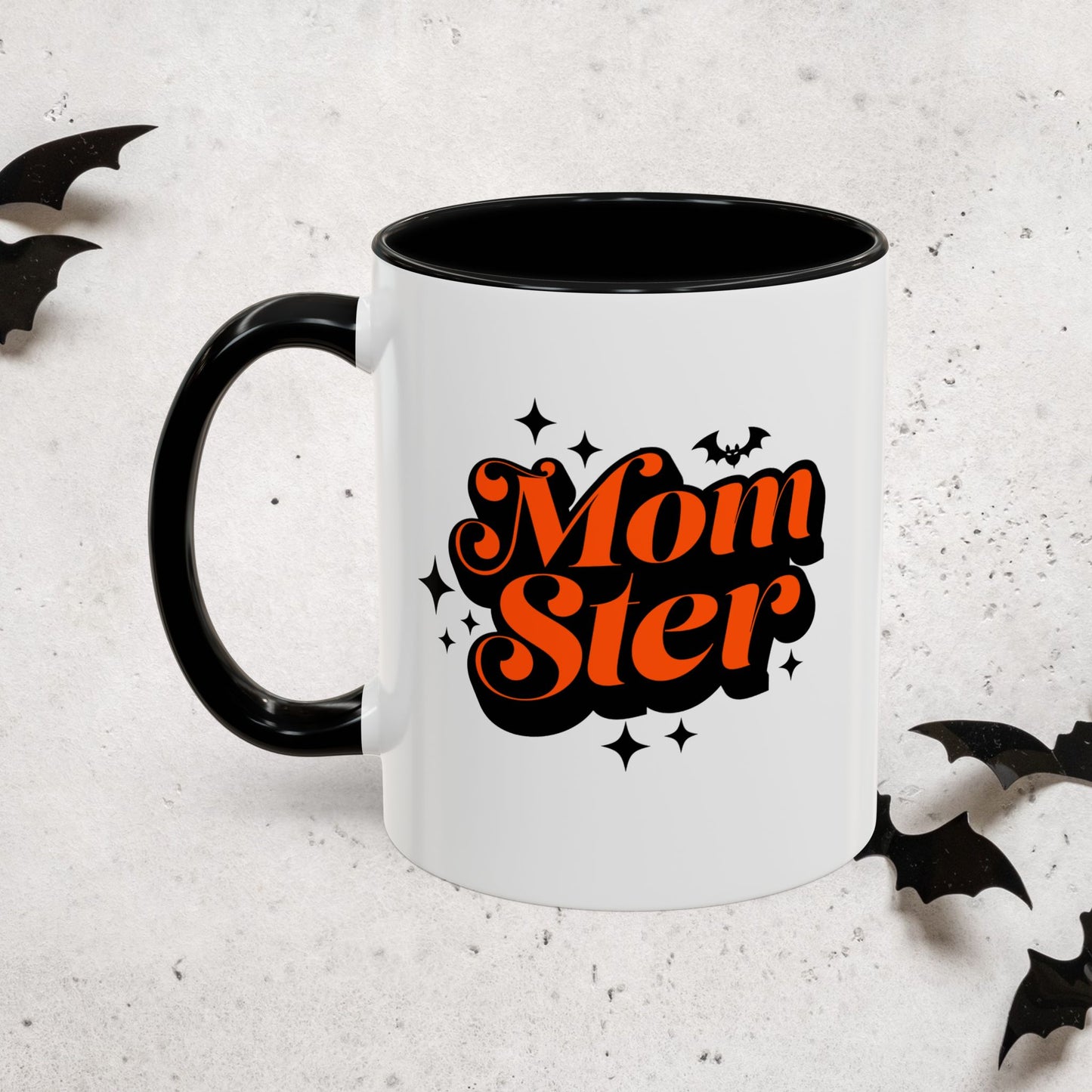 White Halloween mug with black handle featuring 'MomSter' text in orange and black bats on a light gray background.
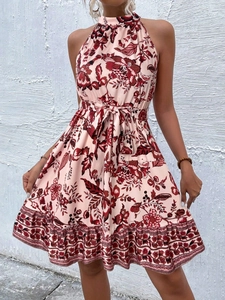 Detailed view of red floral halter neck dress with adjustable waist tie and floral patterns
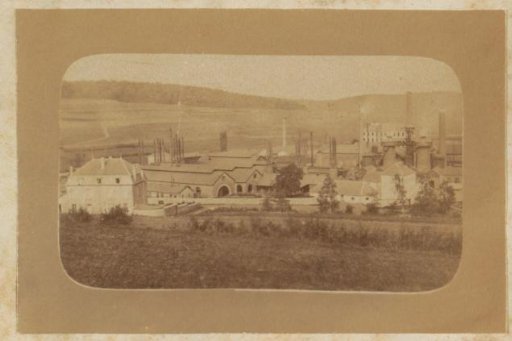 View of a factory complex with villa, probably in France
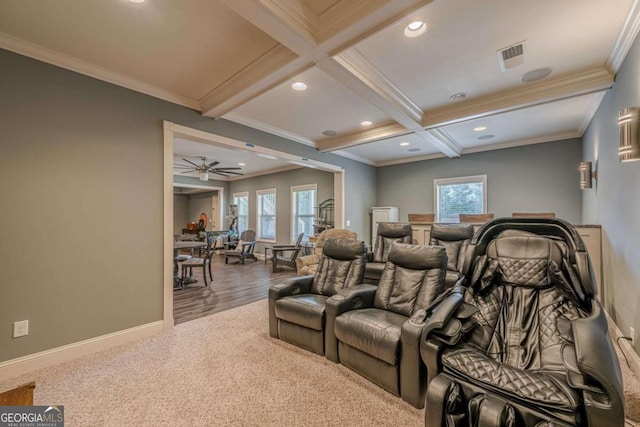 carpeted cinema room with coffered ceiling, plenty of natural light, beam ceiling, and crown molding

--------------------------------------------------

Once the pictures are set aside, transcribe the remaining lines above exactly.

**Answer area**
 White Halloween mug with black handle featuring 'MomSter' text in orange and black bats on a light gray background.
 Detailed view of red floral halter neck dress with adjustable waist tie and floral patterns
 View of a factory complex with villa, probably in France
 carpeted cinema room with coffered ceiling, plenty of natural light, beam ceiling, and crown molding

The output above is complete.